What you are asked to do: In the entries below, find the line with "Hello all. This" and the line with "Examples of classification". Repeat exactly everything between them, those two lines included, but not the pictures.

Data for this exercise:
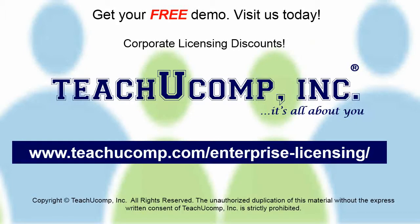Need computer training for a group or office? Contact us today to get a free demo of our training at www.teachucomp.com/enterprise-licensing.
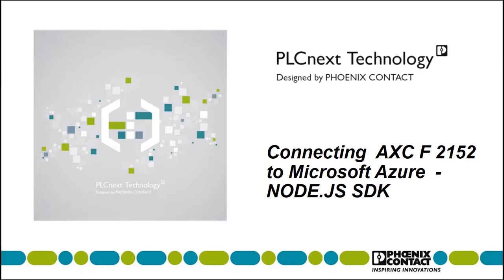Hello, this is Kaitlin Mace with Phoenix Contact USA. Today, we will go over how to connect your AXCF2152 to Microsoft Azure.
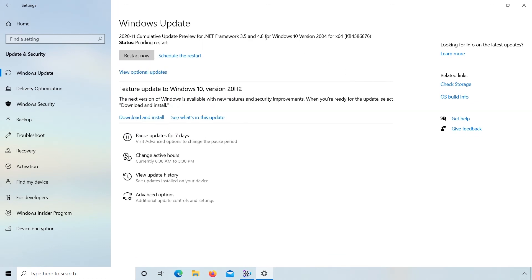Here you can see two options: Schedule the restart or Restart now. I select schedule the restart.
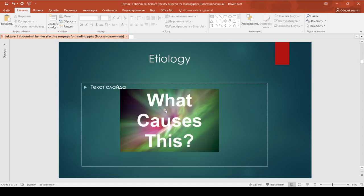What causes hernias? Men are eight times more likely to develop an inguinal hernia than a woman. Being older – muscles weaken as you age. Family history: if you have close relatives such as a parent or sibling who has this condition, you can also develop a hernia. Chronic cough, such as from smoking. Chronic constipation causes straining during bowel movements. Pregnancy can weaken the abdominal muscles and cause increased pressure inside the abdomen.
* * *
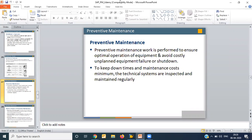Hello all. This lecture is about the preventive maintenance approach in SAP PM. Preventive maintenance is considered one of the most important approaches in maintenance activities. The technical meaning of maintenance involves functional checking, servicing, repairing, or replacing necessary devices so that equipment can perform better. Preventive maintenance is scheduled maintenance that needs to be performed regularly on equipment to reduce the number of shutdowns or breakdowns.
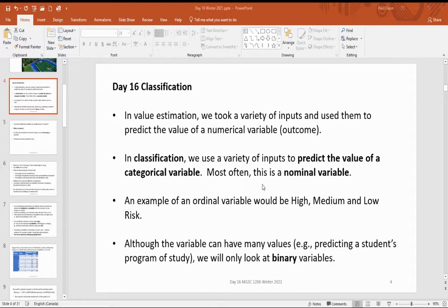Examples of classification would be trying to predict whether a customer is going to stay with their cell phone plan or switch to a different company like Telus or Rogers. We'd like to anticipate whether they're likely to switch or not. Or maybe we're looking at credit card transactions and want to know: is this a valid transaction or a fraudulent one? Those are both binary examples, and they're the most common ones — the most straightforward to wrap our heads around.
---
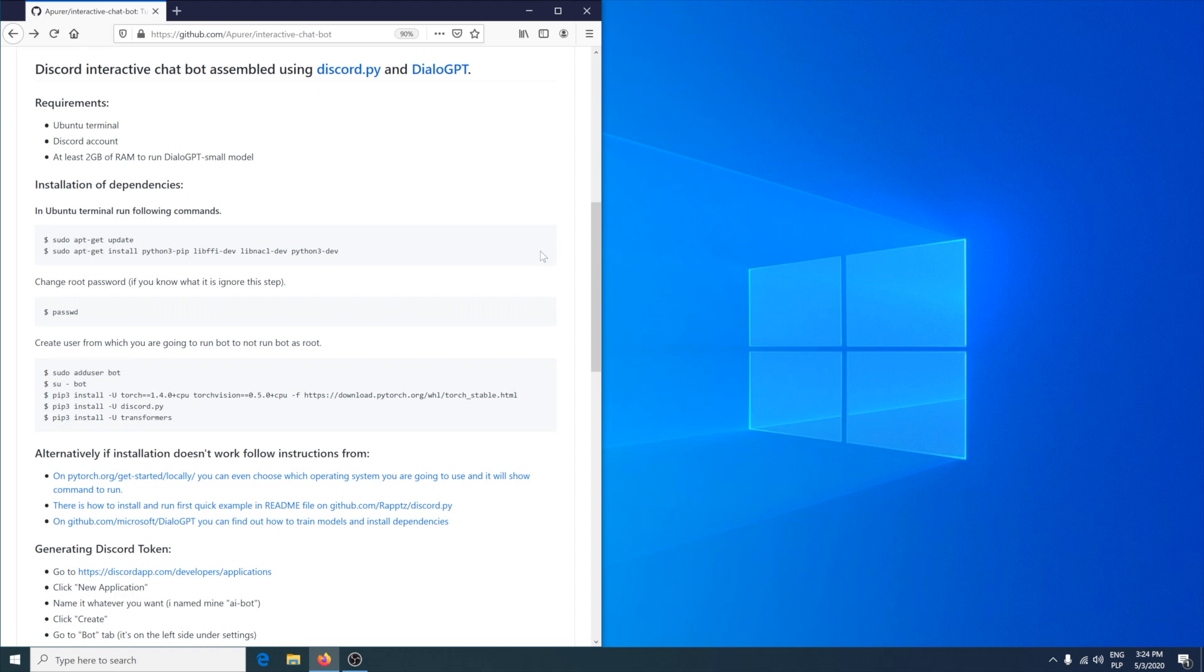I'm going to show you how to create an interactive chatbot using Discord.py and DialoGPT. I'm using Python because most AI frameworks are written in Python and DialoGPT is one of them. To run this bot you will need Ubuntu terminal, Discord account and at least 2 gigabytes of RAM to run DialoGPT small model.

Answer box:
Hello all. This lecture is about the preventive maintenance approach in SAP PM. Preventive maintenance is considered one of the most important approaches in maintenance activities. The technical meaning of maintenance involves functional checking, servicing, repairing, or replacing necessary devices so that equipment can perform better. Preventive maintenance is scheduled maintenance that needs to be performed regularly on equipment to reduce the number of shutdowns or breakdowns.
Examples of classification would be trying to predict whether a customer is going to stay with their cell phone plan or switch to a different company like Telus or Rogers. We'd like to anticipate whether they're likely to switch or not. Or maybe we're looking at credit card transactions and want to know: is this a valid transaction or a fraudulent one? Those are both binary examples, and they're the most common ones — the most straightforward to wrap our heads around.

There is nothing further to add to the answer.